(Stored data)

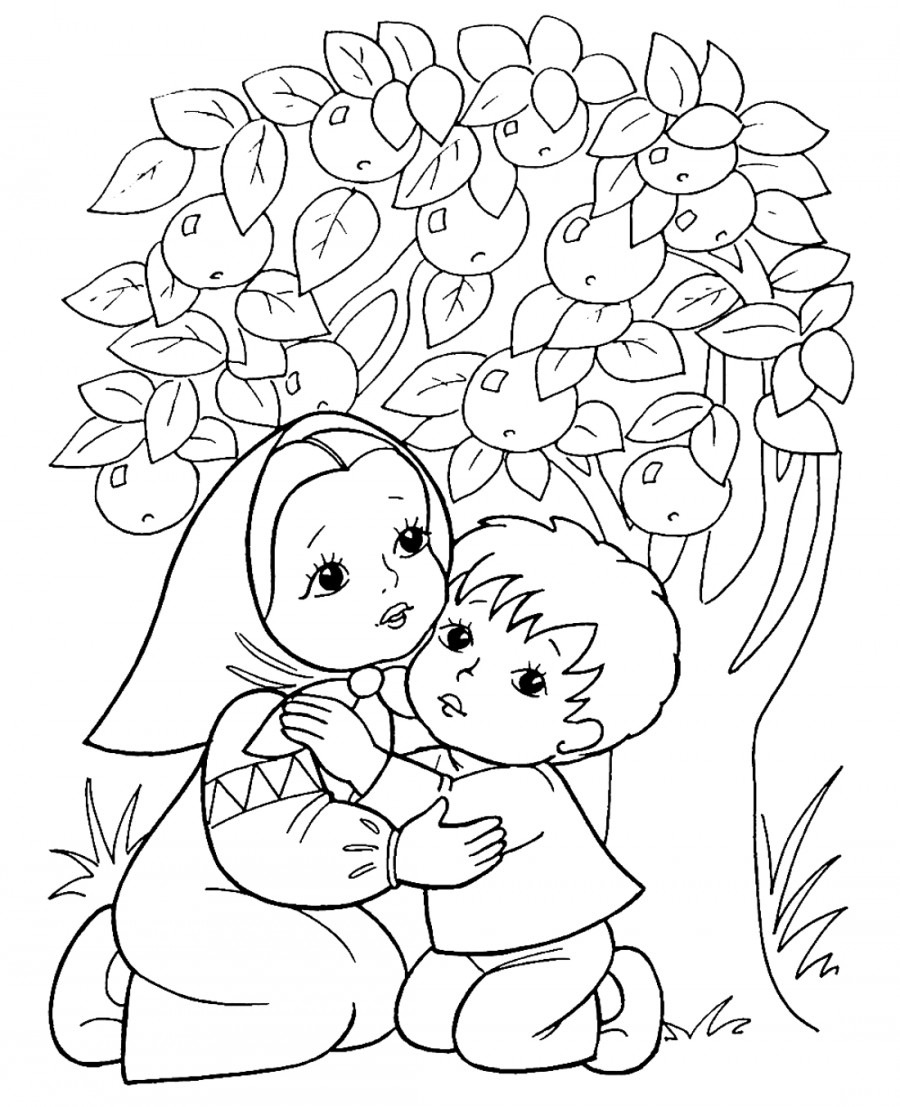 Дети прячутся от гусей под яблонькой - раскраска №477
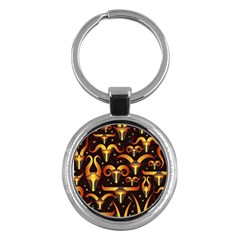 Stylised Horns Black Pattern Key Chains (round)  by Wegoenart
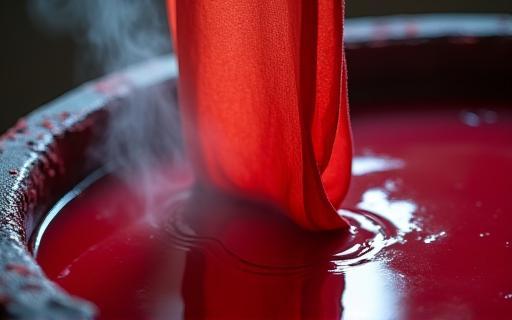 Fabric being dipped into a dye vat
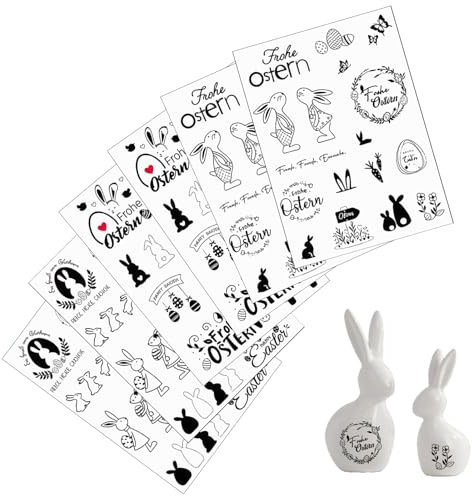 KLINNA 6 Blatt Rub On Sticker Ostern Transferaufkleber Set, Ostereier Osterhasen Aufkleber, Sprüche für DIY Glas Holz Möbel, Osterdeko Basteln Keramik Scrapbooking Osterngeschenke Wasserfest
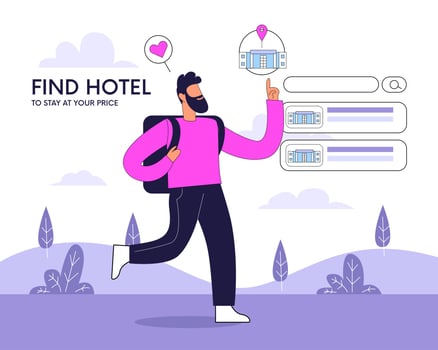 People booking hotel and search reservation illustration concept vector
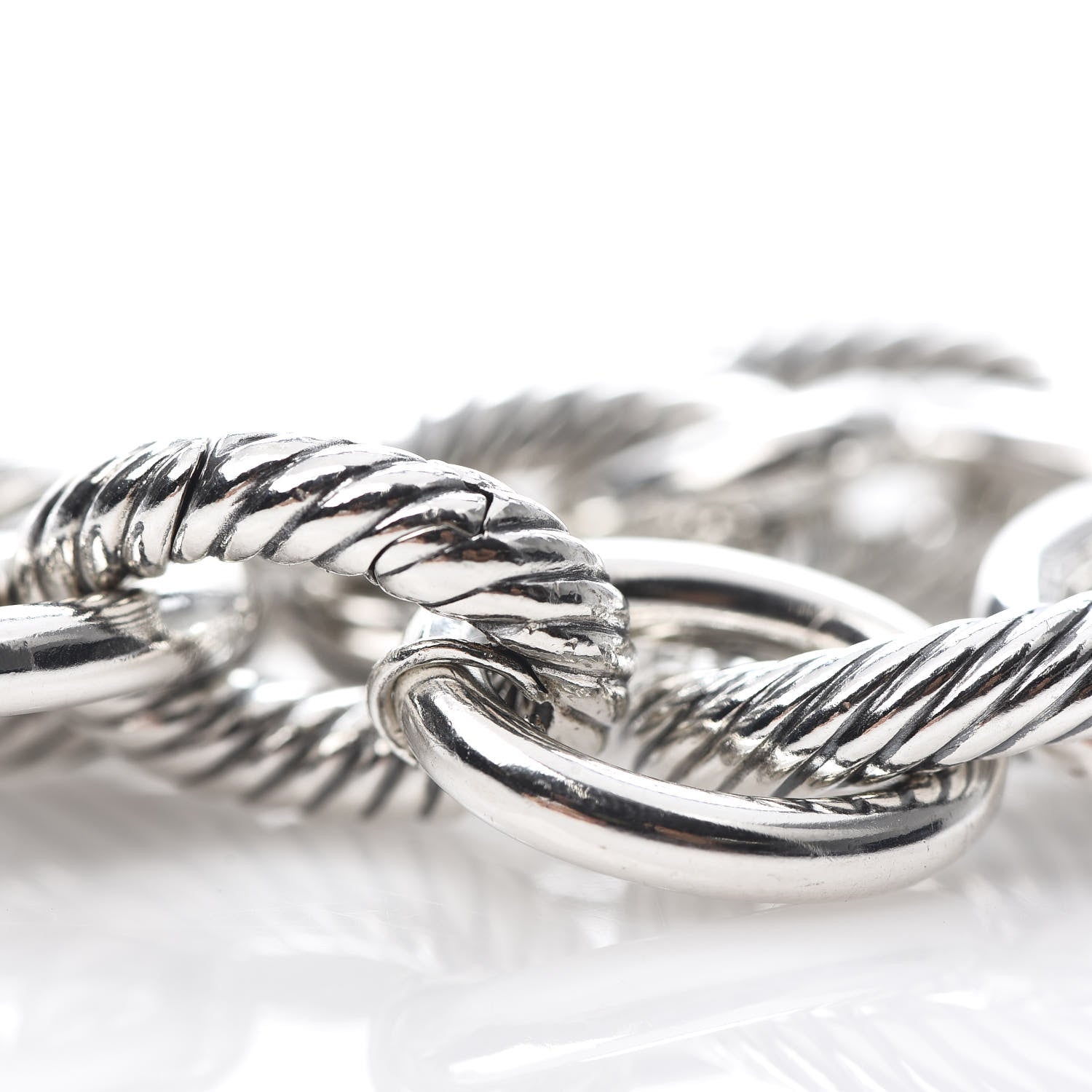 David Yurman Sterling Silver 17mm Extra Large Oval Link Bracelet 5 of 6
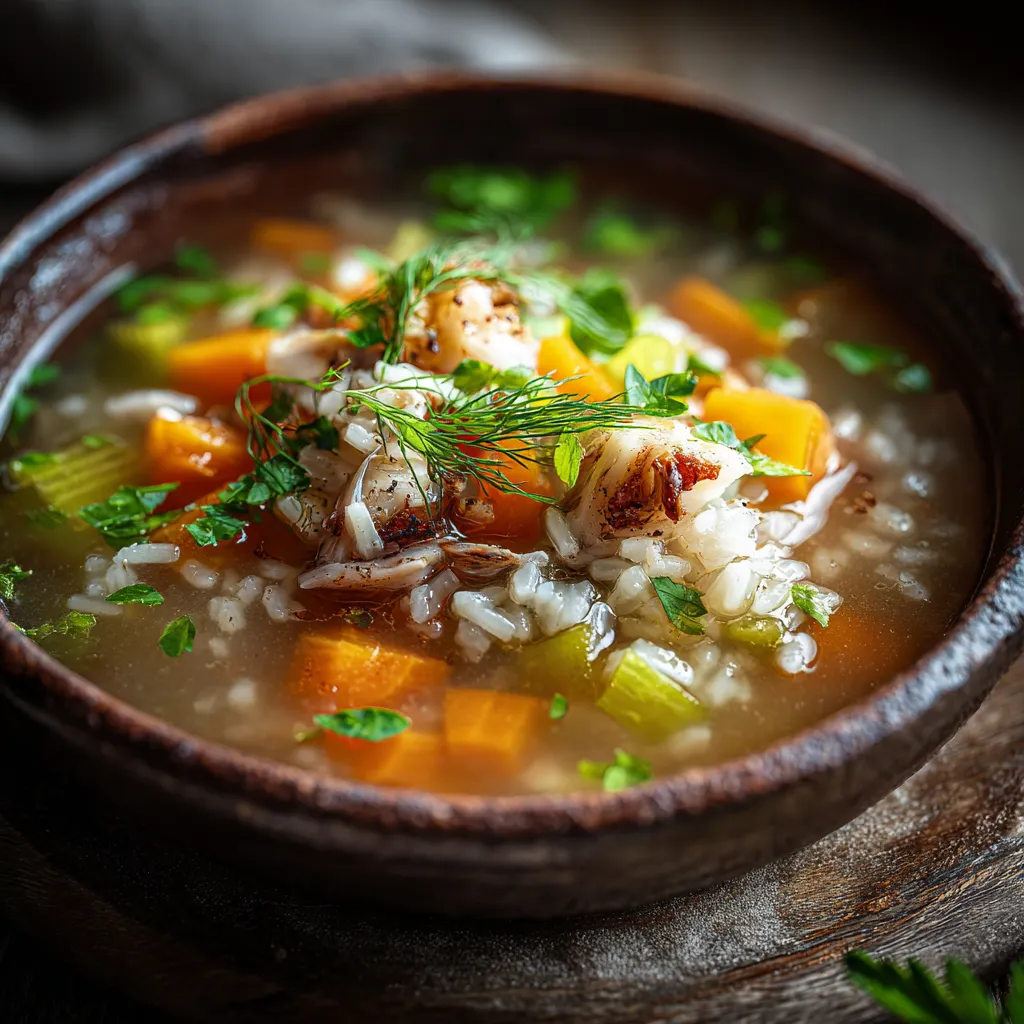 A bowl of soup with rice and vegetables.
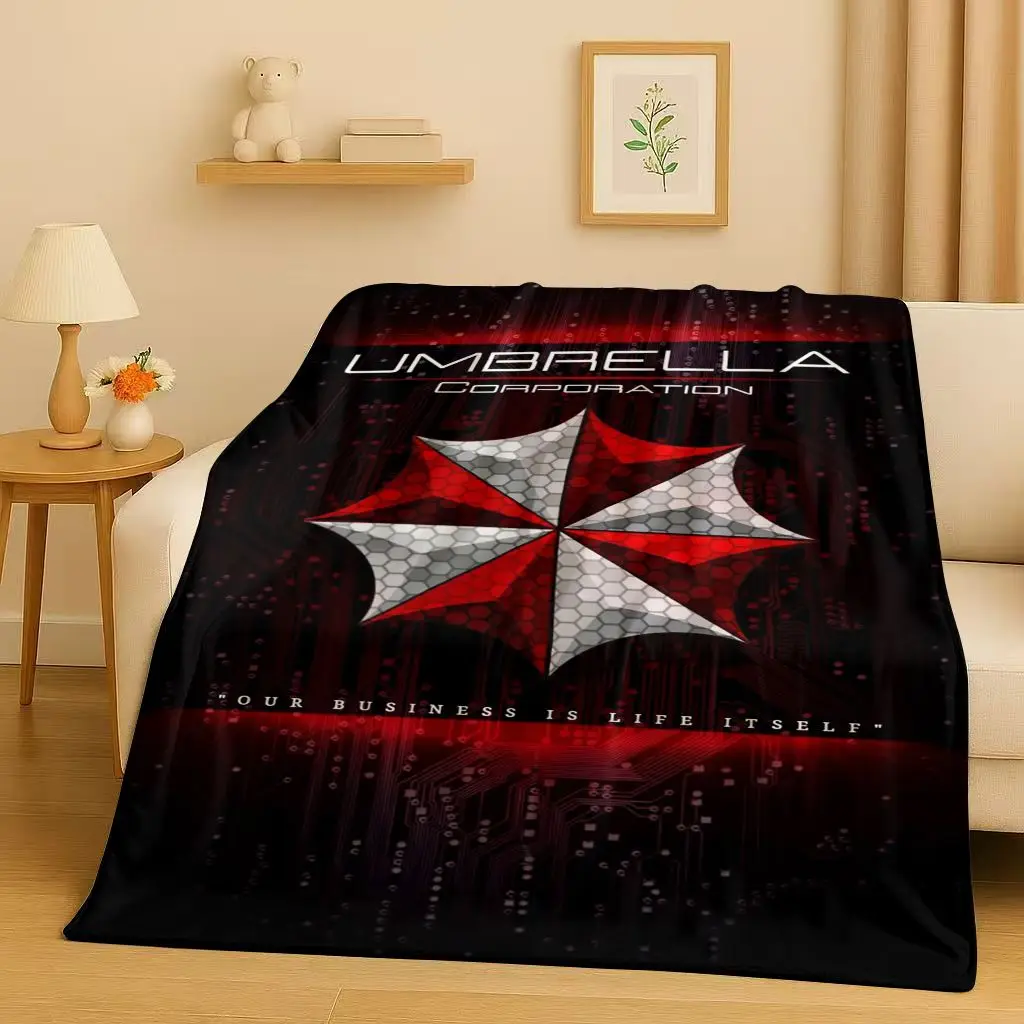 HD Leon R-Resident Evil Game Cartoon Flannel Blanket,Ultra Soft Warm Plush Throw for Home Bedroom Bed Sofa Cover Picnic Kids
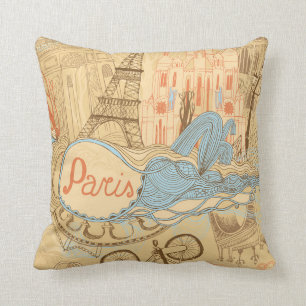 Paris in France Throw Pillow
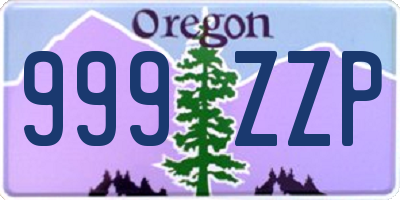 OR license plate 999ZZP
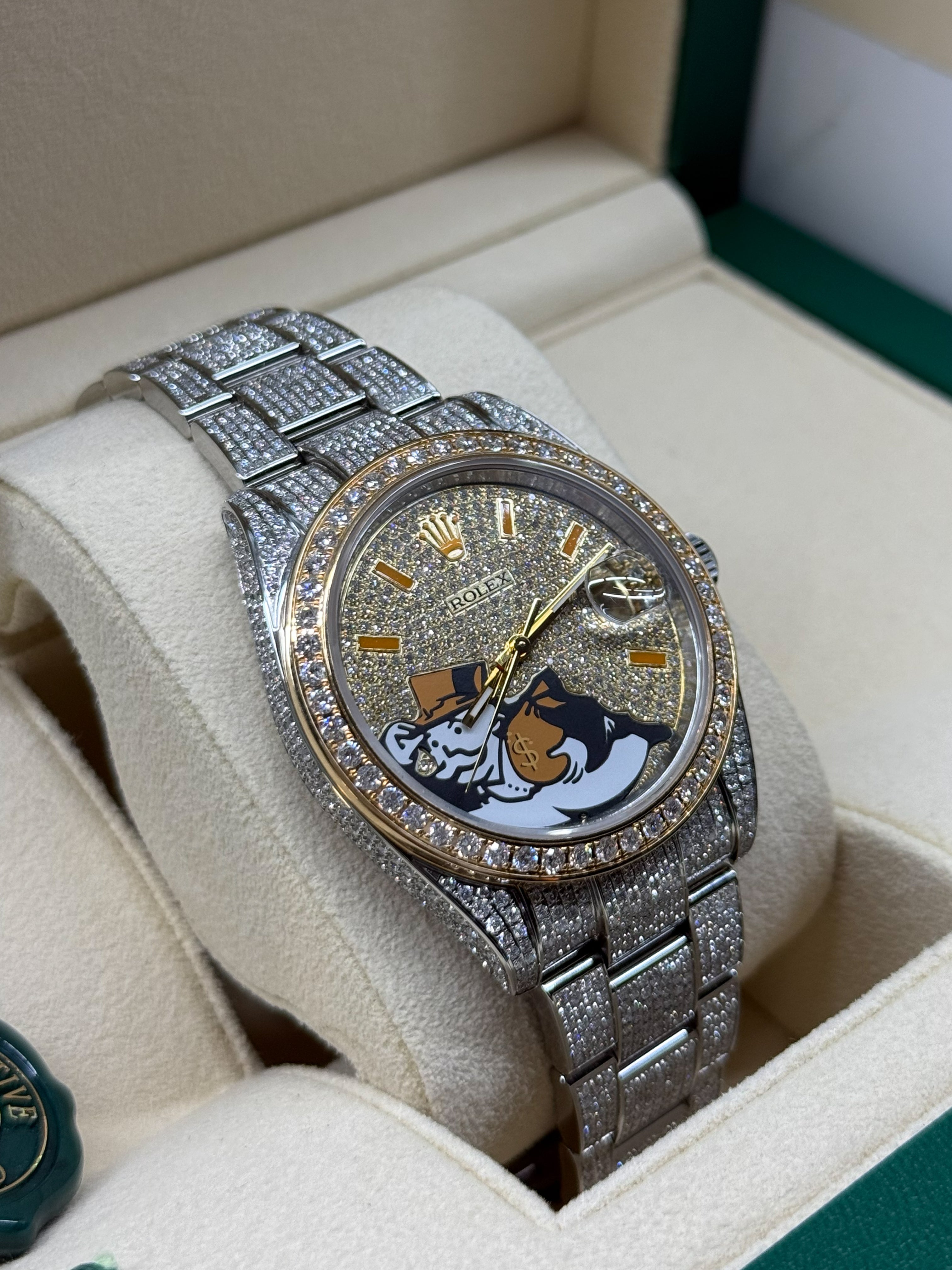 Rolex Datejust 41 Iced Out with Custom Monopoly Man Dial | 18K Yellow Gold Bezel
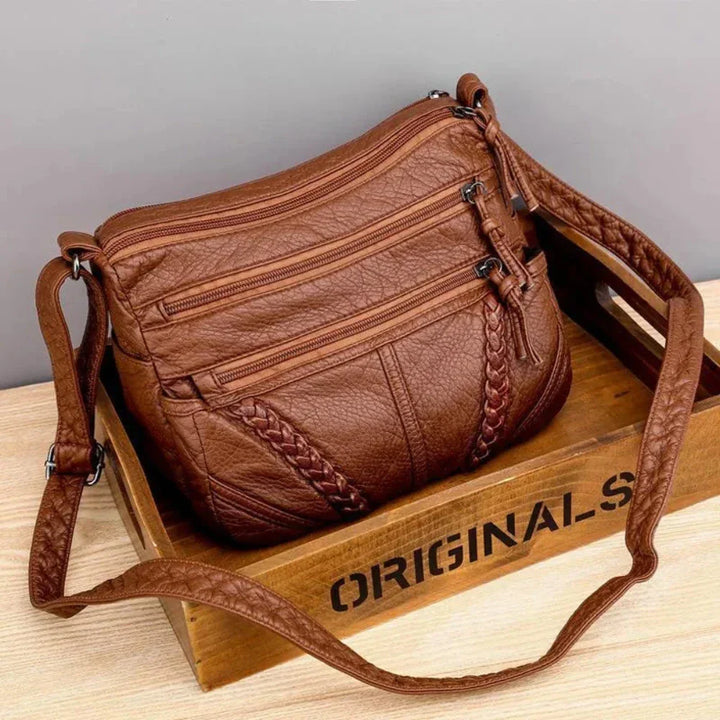 Women's Crossbody Bag with Woven Trim Detail
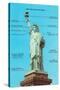 Statue of Liberty with Dimensions, New York City-null-Stretched Canvas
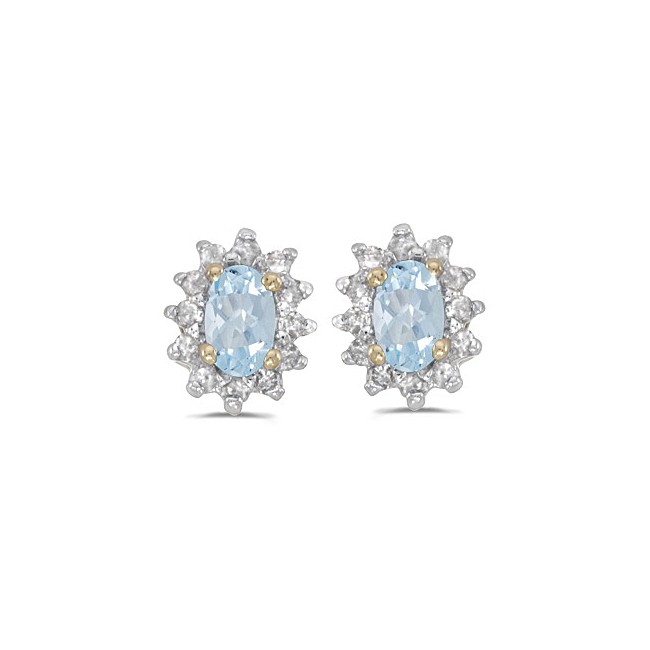 14k Yellow Gold Oval Aquamarine And Diamond Earrings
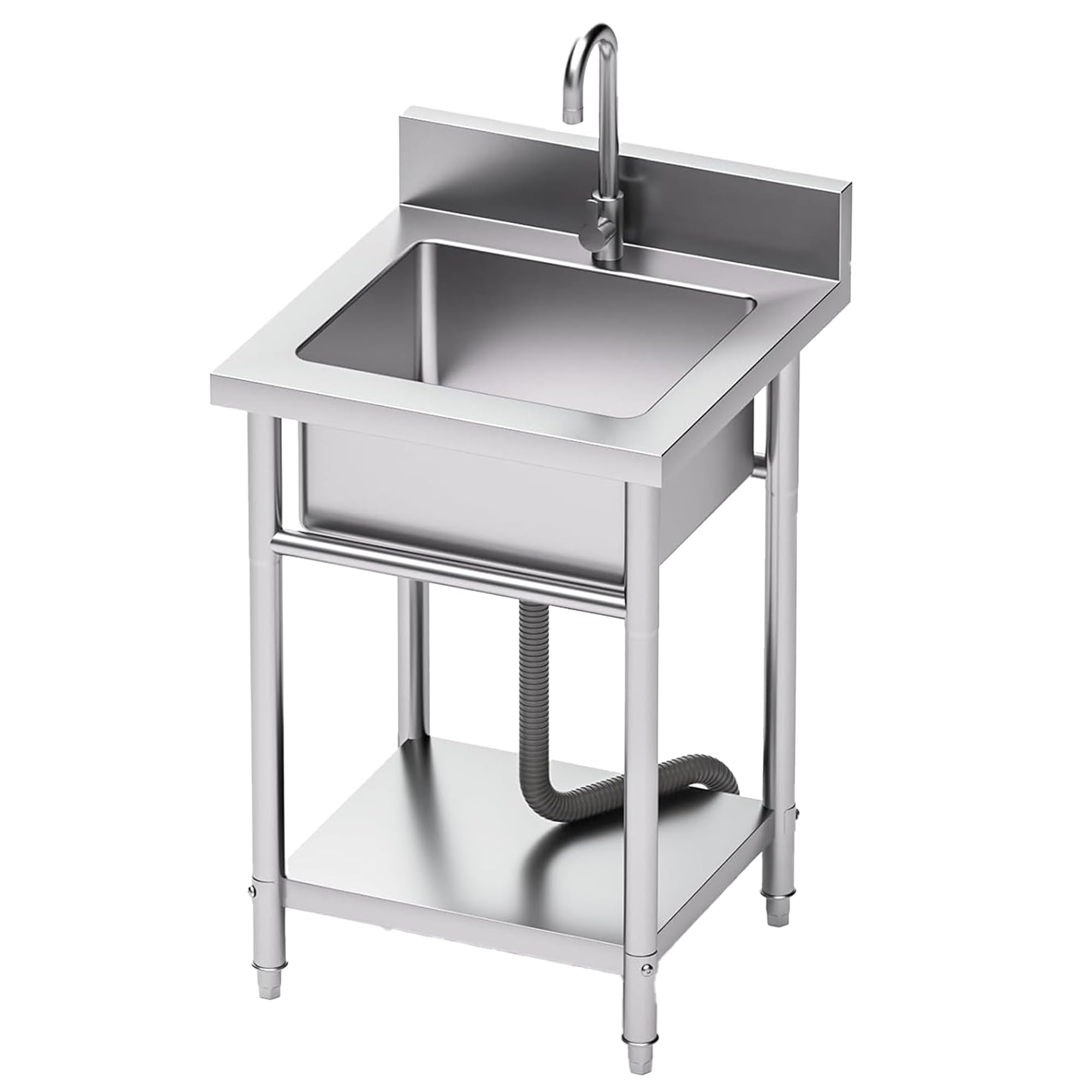 20" Stainless Steel Utility Sink,Hot and Cold Water Mixer Tap With 360° Rotation,Suitable For Kitchens, Bathrooms, Farmhouses, Outdoor areas, and other Locations Where Water is Needed.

» **Required action**
Exactly the lines from the one that contains "Women's Crossbody Bag with Woven Trim Detail" through the final line of the records above are needed, given again word for word, with every picture left out.

» **Worked solution**
 Women's Crossbody Bag with Woven Trim Detail
 Statue of Liberty with Dimensions, New York City-null-Stretched Canvas
 14k Yellow Gold Oval Aquamarine And Diamond Earrings
 20" Stainless Steel Utility Sink,Hot and Cold Water Mixer Tap With 360° Rotation,Suitable For Kitchens, Bathrooms, Farmhouses, Outdoor areas, and other Locations Where Water is Needed.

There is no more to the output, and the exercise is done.